Frustration roared through him. “You’re soaked to the skin! Your teeth are chattering! I’m not having you come down with a lung fever. Do you understand?”
“Perfectly. It’s you who doesn’t understand.”
“Then enlighten me, ma’am, if you would be so kind.”
She lifted her shoulders in a tiny shrug. “I can’t undress myself without my abigail.”
“Without your—”
“Lady’s maid.”
There was a silence. Two spots of color bloomed in her cheeks. Her eyes dared him to laugh at her. His brow puckered, then comprehension slowly dawned. She couldn’t undress herself because, as he remembered, the buttons on her gown marched in a straight line from the back of her neck to the base of her spine.
“I’ll be your lady’s maid,” he said.
She went rigid. “That won’t be necessary. If you’d just give me a knife, or a pair of scissors, I’ll cut my way out of my gown.”
“A knife or a pair of scissors?”
She nodded.
“Do I look crazy? Turn around. I’ll act as your lady’s maid.”
Her eyes went wide, and that got his temper going. He knew exactly what was going through her mind. “Lord
have mercy! You don’t think I’m going to have my wicked way with you?

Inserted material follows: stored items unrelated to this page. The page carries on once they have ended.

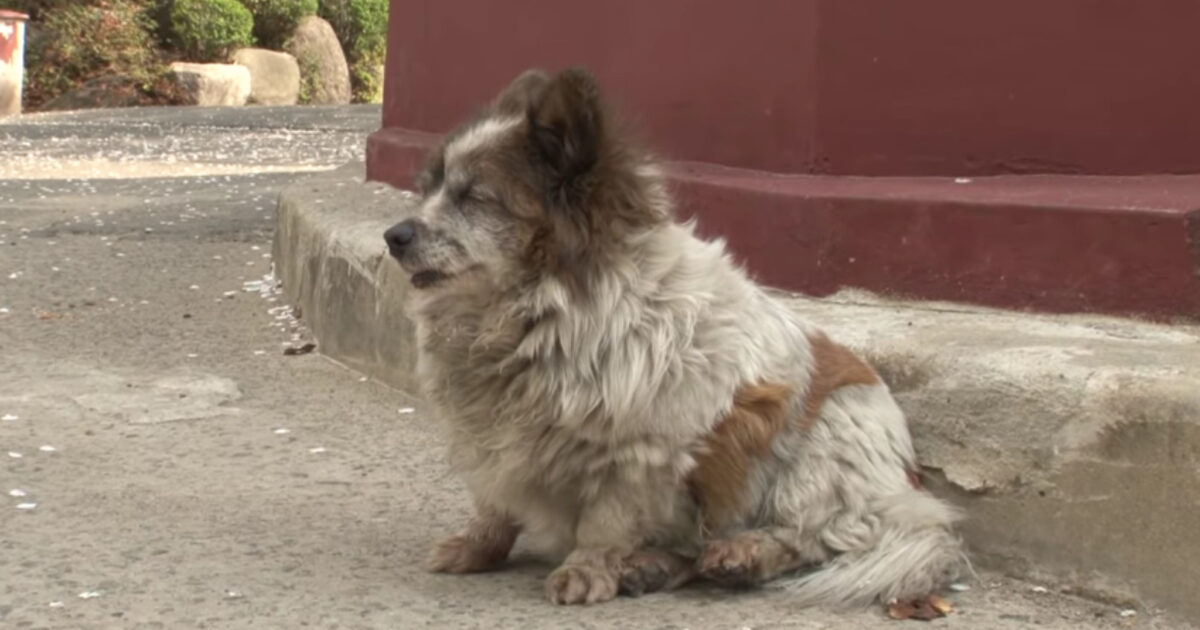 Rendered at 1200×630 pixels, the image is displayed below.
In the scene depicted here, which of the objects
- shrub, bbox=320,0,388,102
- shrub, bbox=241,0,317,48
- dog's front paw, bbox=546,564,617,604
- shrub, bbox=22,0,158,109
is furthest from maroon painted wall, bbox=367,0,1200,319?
shrub, bbox=320,0,388,102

If you could only see yourself in a mirror, you would know how ludicrous that idea is.” Then again, “Now turn around.”
Her delicate nostrils flared, but she obeyed him, all the same.
The buttons were tiny and his fingers seemed to be all thumbs. At this rate, they’d be standing here till doomsday. He grasped the edges of her gown and yanked. Buttons spilled over the stone floor and rattled into corners and under the bed. The back of her gown gaped, revealing creamy white shoulders and her lacy stays. Her waist was surprisingly tiny, no more than a man’s hand-span. His hand-span.

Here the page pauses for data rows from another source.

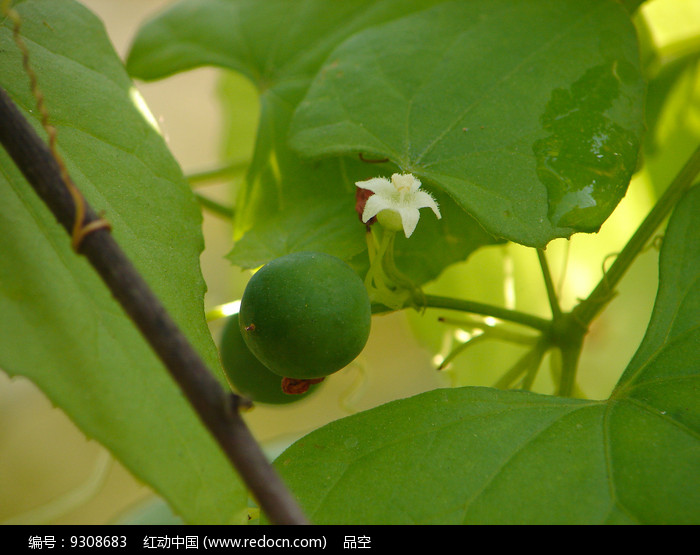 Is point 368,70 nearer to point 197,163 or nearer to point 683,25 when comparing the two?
point 683,25

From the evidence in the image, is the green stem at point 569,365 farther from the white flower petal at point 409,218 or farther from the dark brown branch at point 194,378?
the dark brown branch at point 194,378

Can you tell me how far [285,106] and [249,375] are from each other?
283 millimetres

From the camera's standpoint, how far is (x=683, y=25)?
2.58 ft

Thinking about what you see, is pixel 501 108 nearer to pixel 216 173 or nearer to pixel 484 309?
pixel 484 309

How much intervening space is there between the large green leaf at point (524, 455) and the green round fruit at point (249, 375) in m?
0.10

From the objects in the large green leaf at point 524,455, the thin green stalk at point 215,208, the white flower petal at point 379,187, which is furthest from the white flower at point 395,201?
the thin green stalk at point 215,208

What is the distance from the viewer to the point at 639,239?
20.2 inches

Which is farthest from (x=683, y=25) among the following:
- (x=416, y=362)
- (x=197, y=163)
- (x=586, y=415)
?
(x=197, y=163)

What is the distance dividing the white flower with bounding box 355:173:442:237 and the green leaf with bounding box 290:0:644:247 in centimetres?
3

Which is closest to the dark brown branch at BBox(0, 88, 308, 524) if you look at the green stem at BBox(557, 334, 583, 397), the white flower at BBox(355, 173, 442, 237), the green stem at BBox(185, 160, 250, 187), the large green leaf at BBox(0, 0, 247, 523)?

Where did that insane thought come from? “Five minutes,” he ground out, then left her.
She waited till the door closed, then she yanked off her frock, then her stockings, and used the blanket to dry herself off.
“If you could only see yourself in a mirror,” she said, mimicking his tone of voice exactly. Well, if she was not mistaken, he was no Romeo. He couldn’t even unbutton a woman’s gown. It didn’t surprise her. What woman in her right mind would have Richard Maitland? Not this one. Not even his mistress wanted him. Poor Lucy Rider.
If she could only see herself in a mirror! What did he expect after all she’d been through? When she was all prettied up she was, so her father said, a raving beauty. Of course, her father was prejudiced, but even allowing for exaggeration, she wasn’t the hag Richard Maitland made her out to be.
She didn’t know why his barb stung. So he didn’t fancy her. So much the better. It was one thing less to worry about.